🤖 AI Summary
The “missing heritability” problem in complex diseases remains unresolved, and existing methods exhibit limited power for detecting joint effects of common and rare genetic variants. To address this, we propose Functional ANOVA (FANOVA), a novel association testing framework that integratively incorporates linkage disequilibrium structure, genomic position information, and functional annotations—while accommodating multi-directional causal effects. Grounded in functional data analysis, FANOVA employs an ANOVA-based strategy for qualitative trait association inference. Simulation studies and real-data analyses demonstrate that FANOVA achieves superior statistical power compared to SKAT and the Functional Linear Model (FLM), particularly under small sample sizes and weak effect scenarios. In a genome-wide analysis of obesity, FANOVA successfully identified two biologically validated susceptibility genes—*ANGPTL4* and *ANGPTL3*. Thus, FANOVA provides a powerful, robust, and interpretable tool for dissecting the genetic architecture of complex diseases.
📝 Abstract
While progress has been made in identifying common genetic variants associated with human diseases, for most of common complex diseases, the identified genetic variants only account for a small proportion of heritability. Challenges remain in finding additional unknown genetic variants predisposing to complex diseases. With the advance in next-generation sequencing technologies, sequencing studies have become commonplace in genetic research. The ongoing exome-sequencing and whole-genome-sequencing studies generate a massive amount of sequencing variants and allow researchers to comprehensively investigate their role in human diseases. The discovery of new disease-associated variants can be enhanced by utilizing powerful and computationally efficient statistical methods.

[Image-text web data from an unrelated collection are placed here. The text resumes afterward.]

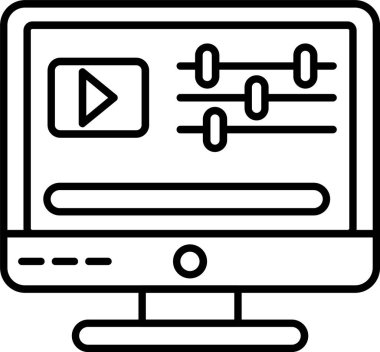 Video Düzenleyici Satır Simgesi Tasarımı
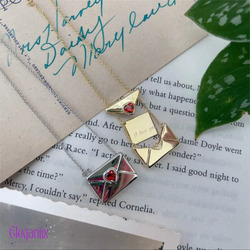 Elegantix Necklace for Women with Envelope Pendant, Gold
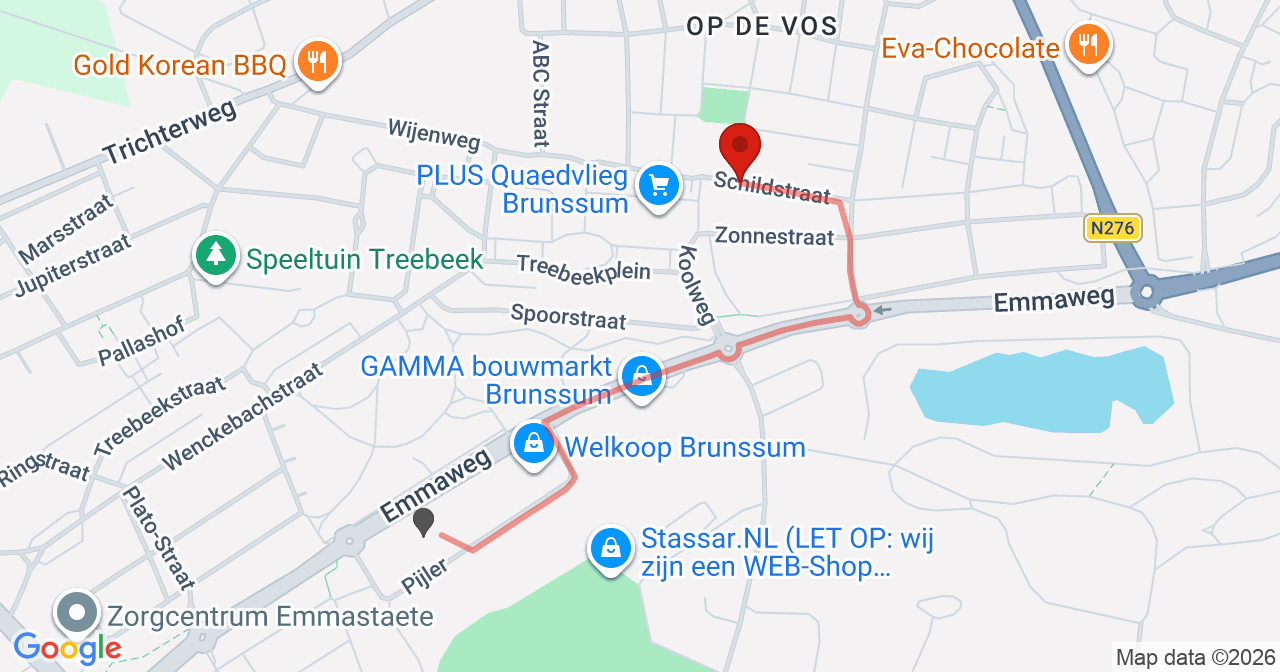 Kaart van het incident in Brunssum met de aanrijroutes van de gealarmeerde eenheden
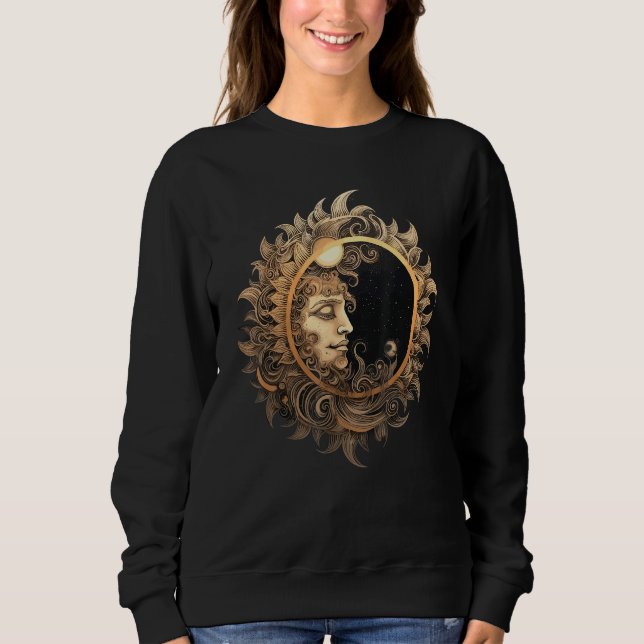 Sudadera Celestial Space Sun Moon Boho Luna Solar Astronomy (Anverso)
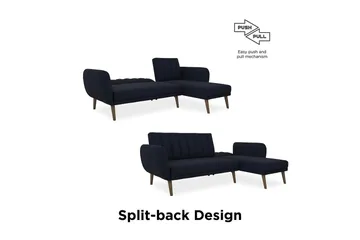 Brittany Chaiselongsovesofa Marineblå - Novogratz - Møbler - Sofaer - Sovesofaer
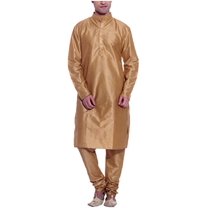 Royal Kurta Men's Luxury Art Silk Blend Occasional Kurta Churidar Gold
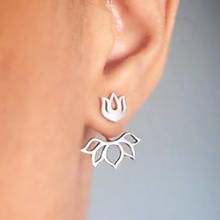 Load image into Gallery viewer, Sterling Silver Lotus Flower Ear Jacket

In this paper, we propose a functional analysis of variance (FANOVA) method for testing an association of sequence variants in a genomic region with a qualitative trait. The FANOVA has a number of advantages: (1) it tests for a joint effect of gene variants, including both common and rare; (2) it fully utilizes linkage disequilibrium and genetic position information; and (3) allows for either protective or risk-increasing causal variants. Through simulations, we show that FANOVA outperform two popularly used methods - SKAT and a previously proposed method based on functional linear models (FLM), - especially if a sample size of a study is small and/or sequence variants have low to moderate effects. We conduct an empirical study by applying three methods (FANOVA, SKAT and FLM) to sequencing data from Dallas Heart Study. While SKAT and FLM respectively detected ANGPTL 4 and ANGPTL 3 associated with obesity, FANOVA was able to identify both genes associated with obesity.